2024

Classification: principles, practice and the future

Published Date: 22 Apr 2024

 

It was hoped that the transition from sales tax to GST in 2000 would consign arid food classification disputes to distant memory. This has not happened. We continue to face many of the same old problems, albeit in new guises. Short of dramatic legislative change, there appears no obvious way around the deadweighting that classification visits on the system. Classification is basic to all human intellectual and other activities, however, not just to GST law and not just to food provisions. Common problems inhabit the whole landscape.

It has been said that “competent classification is essential to intellectual advance, and irresponsible classification leads to endless confusion”. This applies just as much to GST food as anything else. The judicial principles applied are easily enough stated. It is partly the intractable nature of the legislation itself, however, that makes compliance problematic. The law in this regard is a set menu, not à la carte. Courts tell us “it is a short practical question calling for a short practical answer”, but it rarely turns out that way at the margins.
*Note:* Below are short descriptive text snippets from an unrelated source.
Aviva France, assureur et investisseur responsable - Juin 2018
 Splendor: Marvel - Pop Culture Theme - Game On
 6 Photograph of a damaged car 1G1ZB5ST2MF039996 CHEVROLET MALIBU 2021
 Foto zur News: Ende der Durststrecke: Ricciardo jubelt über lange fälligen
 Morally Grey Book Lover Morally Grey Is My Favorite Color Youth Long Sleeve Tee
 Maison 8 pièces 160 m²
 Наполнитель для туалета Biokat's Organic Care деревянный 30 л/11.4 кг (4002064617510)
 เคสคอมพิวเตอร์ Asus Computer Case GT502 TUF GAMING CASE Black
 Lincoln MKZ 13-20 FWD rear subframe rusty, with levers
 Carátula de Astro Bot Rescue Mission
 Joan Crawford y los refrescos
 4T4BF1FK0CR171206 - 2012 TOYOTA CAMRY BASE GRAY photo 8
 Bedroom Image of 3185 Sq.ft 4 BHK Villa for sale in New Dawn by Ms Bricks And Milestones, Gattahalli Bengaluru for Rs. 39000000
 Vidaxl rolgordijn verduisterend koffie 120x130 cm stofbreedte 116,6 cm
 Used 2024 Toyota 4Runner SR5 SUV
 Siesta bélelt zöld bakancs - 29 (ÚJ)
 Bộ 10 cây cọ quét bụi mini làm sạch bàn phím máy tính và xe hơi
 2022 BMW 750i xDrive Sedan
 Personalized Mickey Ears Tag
Multifactorial analysis based on “overall impression” or “common experience” applied to free-floating categories is a less than ideal way to make fiscal decisions. Reasonable minds may differ, there is no bright-line test, certainty suffers and the playing field tilts.

How did we get to this point and what might we do about it? It would be irresponsible not to ask if artificial intelligence (AI) technology advances may now provide a new and better way forward for tax classifications practice. Machine learning already provides classifiers across many disciplines, including in tax law. Algorithms are at the centre of this work, much of which was pioneered at the University of Toronto. Algorithmic classifier tools are used by the Canadian Revenue Authority, and a new one is in development for VAT food classifications in the UK. Less optimised versions are in limited GST use privately in Australia. In other words, a range of AI tools are already starting to do what this article set out to investigate.

A logical next step would be to review their wider application and, possibly, to see if and how they might be integrated into statutory decision-making processes. This raises a range of important rule-of-law and administrative law issues — such as transparency and accountability. A curious yet cautious approach is called for with the Robodebt Report pointing the way. An intrinsic issue is whether AI tools can provide “correct” results in practice, and what “correct” may mean in this context. There is room for some optimism, however, that classifier tools can provide more efficient ways to satisfy the statute. Comments in Simplot Australia Pty Ltd v FCT only confirm that we should “look to the future”, not only on GST food classifications, but across the fiscal classification spectrum generally for more modern and less onerous compliance.